EXERCISE DETAILS => When you reach the listing, restate it word for word, leaving nothing out.

EXTRACTED MATERIAL =>
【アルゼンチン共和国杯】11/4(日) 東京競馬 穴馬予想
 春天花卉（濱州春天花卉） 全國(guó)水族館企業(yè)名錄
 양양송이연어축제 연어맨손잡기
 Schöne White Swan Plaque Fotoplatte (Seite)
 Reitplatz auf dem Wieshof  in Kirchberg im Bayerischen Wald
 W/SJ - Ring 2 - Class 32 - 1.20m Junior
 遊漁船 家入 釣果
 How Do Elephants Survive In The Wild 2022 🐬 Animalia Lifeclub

TASK SOLUTION =>
【アルゼンチン共和国杯】11/4(日) 東京競馬 穴馬予想
 春天花卉（濱州春天花卉） 全國(guó)水族館企業(yè)名錄
 양양송이연어축제 연어맨손잡기
 Schöne White Swan Plaque Fotoplatte (Seite)
 Reitplatz auf dem Wieshof  in Kirchberg im Bayerischen Wald
 W/SJ - Ring 2 - Class 32 - 1.20m Junior
 遊漁船 家入 釣果
 How Do Elephants Survive In The Wild 2022 🐬 Animalia Lifeclub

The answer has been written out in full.